* [Exercise aim]
Whenever a line below holds the word "sitting", count it once; report the total and nothing else.

* [Dataset]
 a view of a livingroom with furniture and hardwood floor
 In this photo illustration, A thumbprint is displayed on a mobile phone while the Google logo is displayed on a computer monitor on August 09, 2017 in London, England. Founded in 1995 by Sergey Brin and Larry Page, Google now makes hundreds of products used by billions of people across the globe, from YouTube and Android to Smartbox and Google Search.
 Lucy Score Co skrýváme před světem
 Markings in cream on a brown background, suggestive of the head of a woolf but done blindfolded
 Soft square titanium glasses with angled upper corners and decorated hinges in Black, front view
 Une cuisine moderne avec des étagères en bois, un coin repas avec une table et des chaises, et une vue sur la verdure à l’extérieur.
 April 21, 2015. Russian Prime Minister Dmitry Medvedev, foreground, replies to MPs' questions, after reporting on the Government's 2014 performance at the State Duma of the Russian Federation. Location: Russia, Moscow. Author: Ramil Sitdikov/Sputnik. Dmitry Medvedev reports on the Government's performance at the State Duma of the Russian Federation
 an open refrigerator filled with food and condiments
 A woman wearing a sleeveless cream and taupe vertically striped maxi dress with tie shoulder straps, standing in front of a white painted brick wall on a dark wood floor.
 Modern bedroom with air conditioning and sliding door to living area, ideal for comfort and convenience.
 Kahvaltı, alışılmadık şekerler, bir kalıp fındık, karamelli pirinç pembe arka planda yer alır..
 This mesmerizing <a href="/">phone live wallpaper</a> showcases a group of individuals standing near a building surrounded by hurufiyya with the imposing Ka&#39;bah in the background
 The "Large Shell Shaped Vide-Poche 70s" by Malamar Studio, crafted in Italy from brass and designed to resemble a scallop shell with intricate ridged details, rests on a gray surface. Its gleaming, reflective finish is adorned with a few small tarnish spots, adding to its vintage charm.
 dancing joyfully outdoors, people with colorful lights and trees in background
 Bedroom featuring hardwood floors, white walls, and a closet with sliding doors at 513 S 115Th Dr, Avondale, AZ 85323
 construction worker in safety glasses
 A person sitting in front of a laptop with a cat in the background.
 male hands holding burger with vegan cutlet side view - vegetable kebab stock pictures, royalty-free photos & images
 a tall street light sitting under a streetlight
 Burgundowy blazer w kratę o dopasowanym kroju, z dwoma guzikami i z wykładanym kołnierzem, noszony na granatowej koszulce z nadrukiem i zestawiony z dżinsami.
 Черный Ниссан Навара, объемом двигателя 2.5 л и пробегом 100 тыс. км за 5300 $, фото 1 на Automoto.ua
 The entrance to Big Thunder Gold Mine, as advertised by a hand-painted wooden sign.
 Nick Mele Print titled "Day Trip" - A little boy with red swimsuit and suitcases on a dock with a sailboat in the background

* [Answer box]
2